The line formed after using a Gaussian KDE to transform the histogram of the real dimuon masses, in red. The green line shows the same for Monte Carlo simulated events. The y-axis displays frequency, with the simulated graph being scaled up to have the same proportions as the real data

The same process was repeated for the simulated events; this formed the red and green lines for real and simulated data, respectively, in Fig. 29. As there was a difference in the number of real and simulated events produced, we scaled the simulated graph up to have the same normalisation as the distribution of real events. This step helped us compare the simulated background data to real data, allowing us to identify events consistent with the expected behaviour of \(H\rightarrow \mu \mu\) decay and remove events that are the result of other background processes. Any difference in the two lines in Fig. 29 suggests a deviation from the expected behaviour, providing evidence for the \(H\rightarrow \mu \mu\) decay.

8.5 Results

Fig. 30
figure 30

Graph of weighted data events with simulated backgrounds subtracted

After applying the event selections in Table 1 to the reconstructed data and simulation, as shown in Fig. 29, we were able to create Fig. 30 by subtracting the simulated background from the data, therefore isolating the signal. In total, we processed 12.2 million real data events and 9.4 million MC events, with the latter scaled up to have equal luminosity as the data. Our selection criteria were able to filter these background events to approximately 35% of their original number. There is a significant spike at 125.5 GeV, which lies in the 1\(\sigma\) confidence interval for the Higgs mass (125.38±0.15 GeV). Due to the rarity of this decay, we were unable to isolate all the signal from the background, leaving us with bumps/ troughs at m \(\simeq\) 121 GeV and 128 GeV, respectively. The bump in MC data in Fig. 29 between 128 and 129 GeV appears to show the presence of another background decay that survived our selection criteria. This highlights the challenges in isolating rare events from background noise. Ideally, we would investigate this decay in order to possibly isolate the signal data further, which would produce a clearer spike.

Fig. 31
figure 31

Plot of observed local p-values of results at a range of test masses for the Higgs boson. Dotted lines show the corresponding 1\(\sigma\) and 2\(\sigma\) values

From our results, we conducted a statistical analysis to find the p values (p) and the sigma values (\(\sigma\)), testing the Higgs boson mass hypothesis over an interval. We used the Gaussian function to calculate the error in our methods to calculate the data and background for each mass, then we used the data and background values from Fig. 29 to calculate the \(\sigma\) and p value. This process was repeated between 122 and 128 GeV, creating Fig. 31 which displays a p value against the tested Higgs mass. At \(m_{\mathrm{H}}=125.38\) GeV, the accepted value for the Higgs mass, our observed \(\sigma =1.169\) (\(p=0.121\)). However, we found at \(m_{\mathrm{H}}=\)125.66 GeV, \(\sigma = 1.224\) (\(p=0.111\)). The periodic fluctuation in our graph was a point of interest, something we hope to understand and improve on in the future. Further data could be processed to give a larger sigma value, as well as exploring the questions outlined in Sect. 7.5.

8.6 Discussion

From the results of our research, we have found evidence in support of the existence of a Higgs decay into a muon-antimuon pair. Figures 29 and 30 show that there was an excess of events around 125 GeV, which is consistent with the expected signal from the Higgs boson decay. More precise results would be needed to confirm this as a discovery. The results from different Higgs decay modes could be combined to improve the precision of the measurements and provide a more complete understanding of the Higgs boson’s properties.

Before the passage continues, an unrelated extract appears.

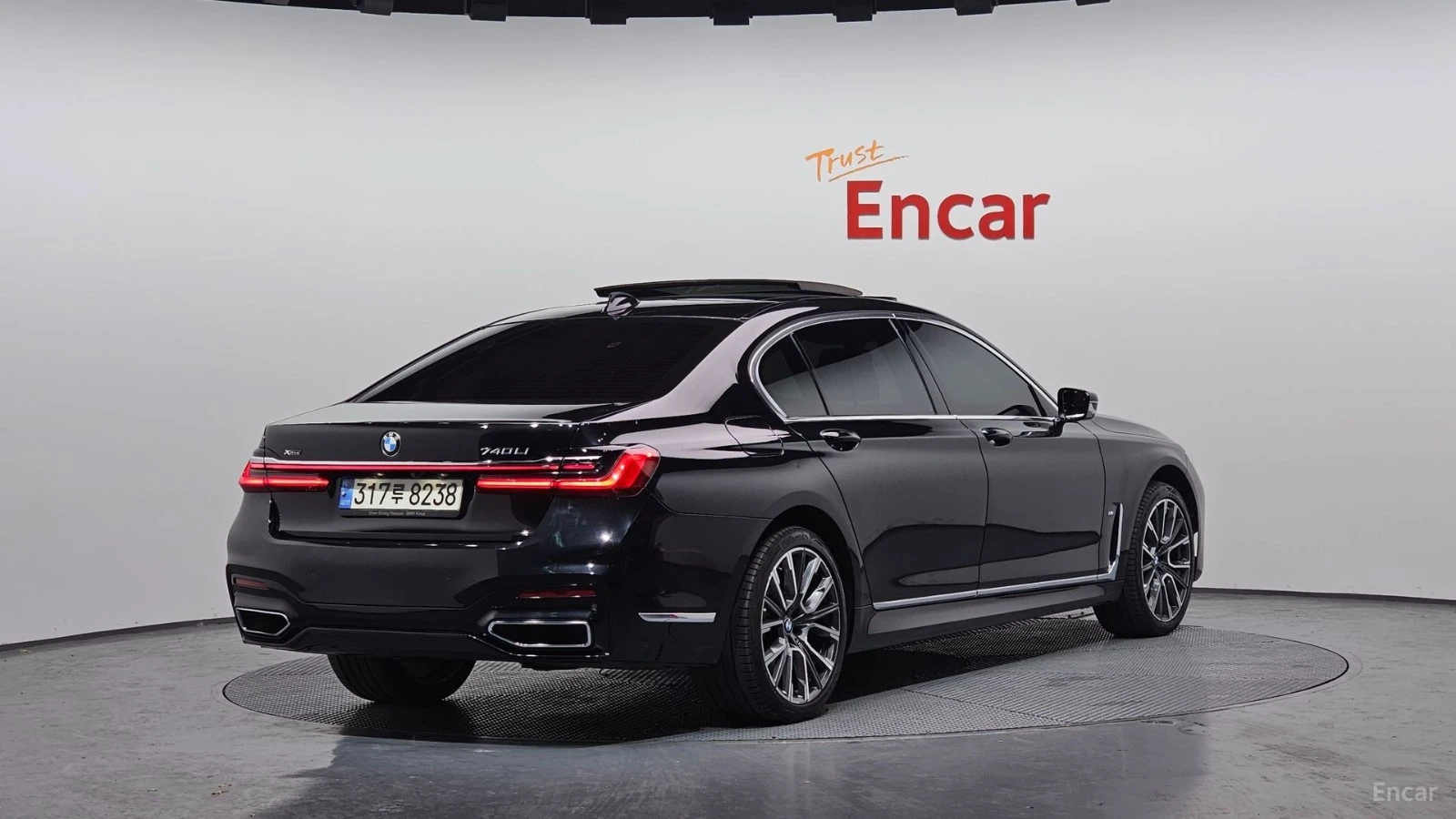 BMW 740 Li* xDrive* M-SPORT* 360* ПАНО* HUD* FULL* , снимка 2 - Автомобили и джипове - 55627641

Another improvement to this project would be to divide the decay into its production categories, a method that previous searches have used [48, 50]. Specifically, there are four exclusive categories of Higgs boson production: Gluon-gluon fusion (ggf), association with vector boson (VH), vector boson fusion (VBF), and association with the top quark and antiquark pair (ttH). VBF has shown to be dominant out of the four; its events could be investigated exclusively to obtain better results. Our next steps would be to apply specific selection criteria for each of these categories to refine our search for the dimuon pair, likely resulting in a bigger peak. However, it would be difficult to separate events to that degree with our dataset, as that level of refining would leave each category with a low number of events, resulting in larger uncertainty and less reliable results.

Although the ATLAS Open Data were very useful in providing us with the necessary information and resources to develop our skills, we found that some of the data we would have liked were not provided. For our decay (\(H\rightarrow \mu \mu\)), we would have liked to have been provided with a simulation of the \(H\rightarrow \mu \mu\) signal and certain specific backgrounds, but these were not available. Instead, we had to compromise the accuracy of our results by combining similar processes. An alternative would be to simulate this background ourselves, using open-source software such as MadGraph or Delphes. However, MadGraph does not model particle interactions with the ATLAS detector, and while Delphes does, it is not approved by ATLAS. Therefore, there was no way to accurately simulate the background ourselves, highlights a limitation of the ATLAS Open Data to motivated student researchers. Although some alternatives would have given better simulation results than ours, none would be comparable to those used at CERN. Furthermore, using machine learning algorithms such as XGBoost to identify b-tagged jets could more accurately isolate the signal data.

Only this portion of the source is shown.